Sunday, June 07, 2015

Having and Holding our Right to Privacy: The Constitution as a Jurisdictional Document


Griswold v. Connecticut became about privacy; what if it had been about equality?”

The short answer to this question: the ruling would have had no anchor in the actual language of the Constitution of the United States. It would also have generated an unfathomable ethical and judicial quagmire.

The question is posed in a rather chimaerical article written by one Jill Lepore, and published in the New Yorker dated 25 May 2015.

Griswold was a landmark case in which the United States Supreme Court ruled 7-2 that a Connecticut law, forbidding doctors in the state to prescribe or dispense or even discuss contraception with their patients, violated the federal constitution. The ruling rested heavily on a line of constitutional analysis begun by Justice Louis Brandeis in his dissent to an early wiretapping case, Olmstead v. United States, asserting that “The makers of our Constitution … conferred, as against the Government, the right to be let alone -- the most comprehensive of rights, and the right most valued by civilized men.”

When the case was decided in 1928, a majority of justices ruled that wiretapping a private telephone line did not require a warrant from a court, because telephones were not mentioned in the 4th Amendment language providing “The right of the people to be secure in their persons, houses, papers, and effects, against unreasonable searches and seizures, shall not be violated.” That might be a surprise to most Americans living today, who routinely understand that the government cannot tap our phones without a warrant.

Over time, Brandeis's dissent has come to be accepted. Griswold was a landmark case in establishing that individuals and families do have a right to privacy that the government may not generally enter into. The court's previous wiretapping precedents were overturned in Katz v. United States, a 1965 ruling that “Because the Fourth Amendment protects people, rather than places, its reach cannot turn on the presence or absence of a physical intrusion into any given enclosure,” and “The Fourth Amendment governs not only the seizure of tangible items, but extends as well to the recording of oral statements.”

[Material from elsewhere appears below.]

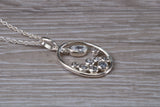 Sterling Silver Dressy C Z set Necklace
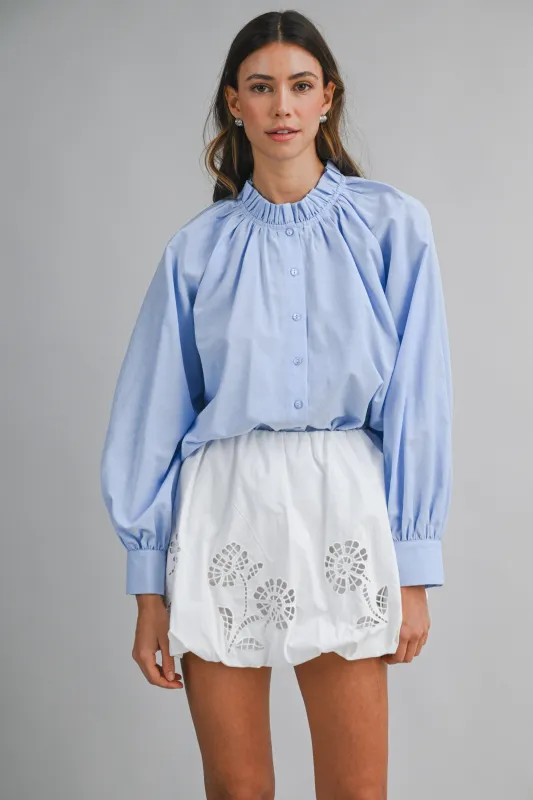 MARA RUFFLE NECK LONG SLEEVE BLOUSE made by MABLE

Other landmarks which rested on the right to privacy included Roe v. Wade and Lawrence v. Texas, establishing that it was no business of The State to intrude on intimate decisions as to termination of a pregnancy up to the point of viability, and that statutes imposing criminal penalties for sodomy or other sexual acts between consenting adults were also beyond the constitutional authority of government.

Lepore bemoans that Griswold, for one, was decided “not on the ground of a woman's right to determine the timing and the number of her pregnancies but on the ground of a married couple's right to privacy.” So far, this would seem to be a distinction without a difference. A woman's right to determine the timing and the number of her pregnancies would have to be explicitly and specifically enumerated to be a right of constitutional caliber, and there is no such language. But, the right to be left alone is broad, and can easily encompass making sensitive, intimate decisions, whether made by a woman, a man, or a couple making the decision together. The result does establish in fact a woman's right to determine the timing and number of her pregnancies, because it is an intimate, private decision.

But Lepore is seeking ex post facto to regroup a whole series of practical liberties under the category of “equality,” because the right to privacy does not sustain the cause that really concerns Lepore: same sex marriage. Her starting point is Obergefell v. Hodges, the case currently pending decision in the United States Supreme Court, challenging an Ohio statute defining marriage as the union of a man and a woman. As is common in the media, Lepore flippantly and erroneously refers to the statute as “a same sex marriage ban.” It is no such thing.

One cannot ban what does not exist. If it were possible to commit an act called “same sex marriage” with or without the formal recognition of the state, a statute providing a criminal penalty for “same sex marriage” would of course be a “ban.” But a statute defining what marriage is, for purposes of issuing a marriage license, is not a ban, it is an affirmative definition. The fact that some people would like to do any number of other things, or associate in any number of other ways, that are not what the state defines as marriage, is no ban at all.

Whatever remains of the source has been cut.